SNX24 knockout cells lack α-granule cargo
The appearance of empty α-granules and intermediate endosomal compartments in SNX24 KO cells is suggestive of a depletion in α-granule cargo. Furthermore, the distribution pattern of SNX24 around the cell periphery and in α-granule compartments suggests it may be involved in the trafficking of α-granule cargo. We therefore examined the subcellular distribution of α-granule cargo (CD62P, von Willebrand factor [VWF]) in SNX24 KO megakaryocytes. We observed a reduction in CD62P and VWF staining in megakaryocytes, indicating an α-granule trafficking defect (Figure 5A, B). Reverse transcriptase qPCR analysis confirmed that CD62P and VWF gene expression was significantly reduced in SNX24 KO cells (Figure 5C, D). These findings indicate a requirement for SNX24 for trafficking of both soluble (VWF) and membrane (CD62P) cargo.
Discussion
The pathways leading to platelet granule biogenesis and exocytosis, and the genes that regulate them, remain to be fully established. In this study, we sought to identify candidate genes that potentially contribute to platelet granule biogenesis by taking advantage of the changes in gene expression that occur in platelets from individuals with germline mutations that affect the transcriptional activity of FLI1, which also display abnormal α-granules.
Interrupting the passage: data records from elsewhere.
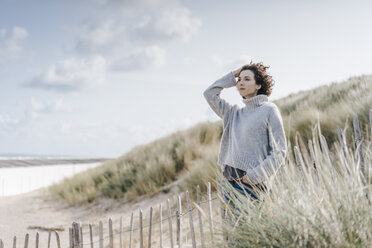 Woman standing in beach dune - KNSF02578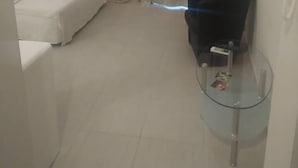 A small, sparsely furnished room with a white sofa, a glass table, and a black chair. - On the Metro Station of Korydallos, Near Peiraeus (Korydallos)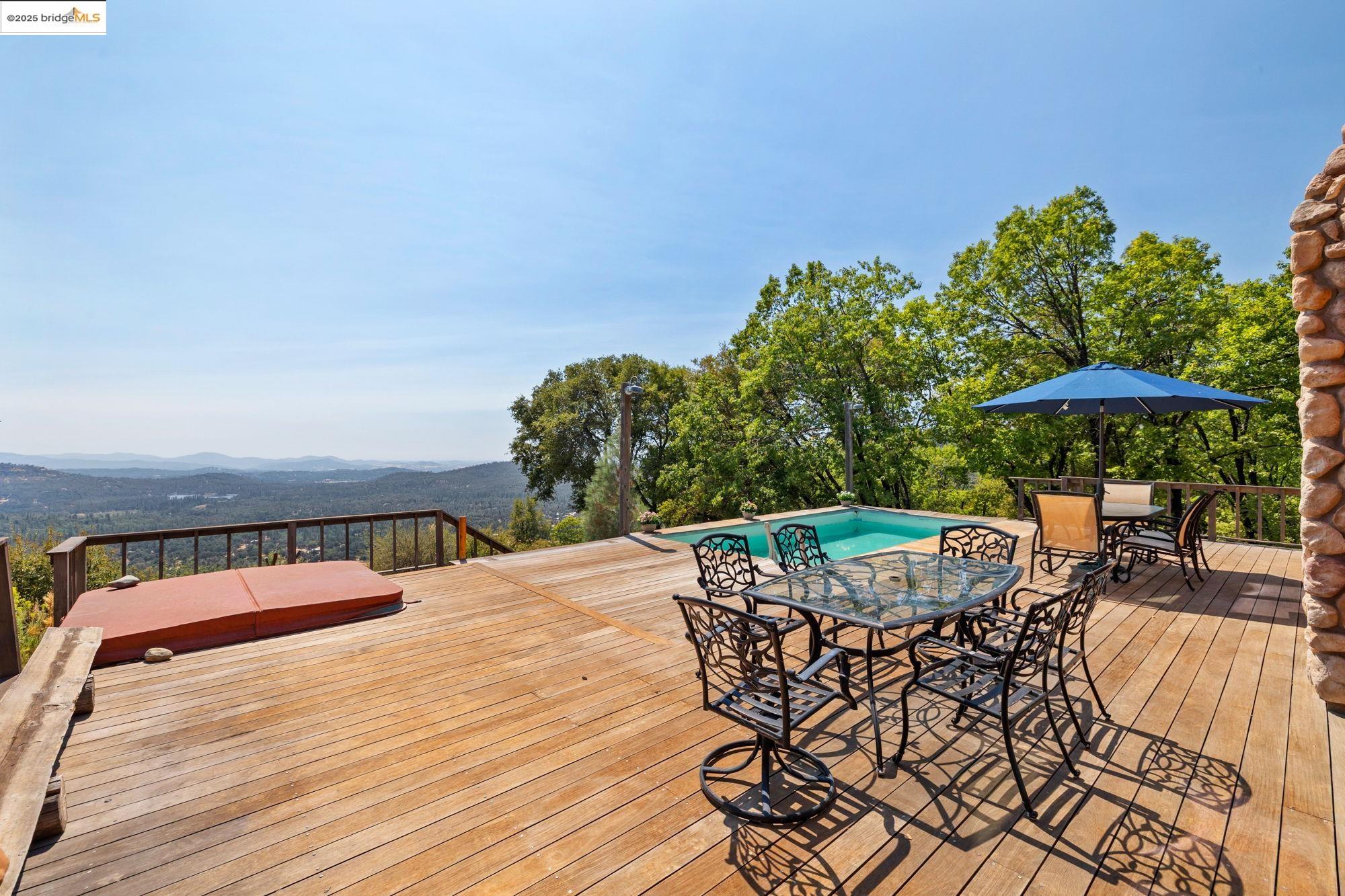14799 Big Hill Road Sonora, CA 95370 - Photo 52 of 60 Wooden deck with outdoor dining space and a mountain view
Thus, transcriptome analysis of platelets harboring a DNA-binding variant of FLI1 revealed significant differences in expression profiles of FLI1-deficient and wild-type platelets with 2,276 transcripts identified as being differentially expressed in the FLI1-deficient platelets. Functional annotation clustering of the differentially expressed coding transcripts revealed significant enrichment for annotations relating to protein transport, and led us to focus on SNX24, a protein not previously implicated in platelet granule biogenesis. We confirmed that SNX24 expression was significantly downregulated in the FLI1-deficient platelets and observed that SNX24 is localized throughout the pathway of α-granule biogenesis, associating with early endosomes, MVB and α-granules. Furthermore, loss of SNX24 disrupts the endosomal trafficking pathway in megakaryocytes, resulting in an α-granule defect and decreased expression of α-granule proteins. Our findings lead us to propose that SNX24 is a novel component of the protein sorting machinery during α-granule maturation.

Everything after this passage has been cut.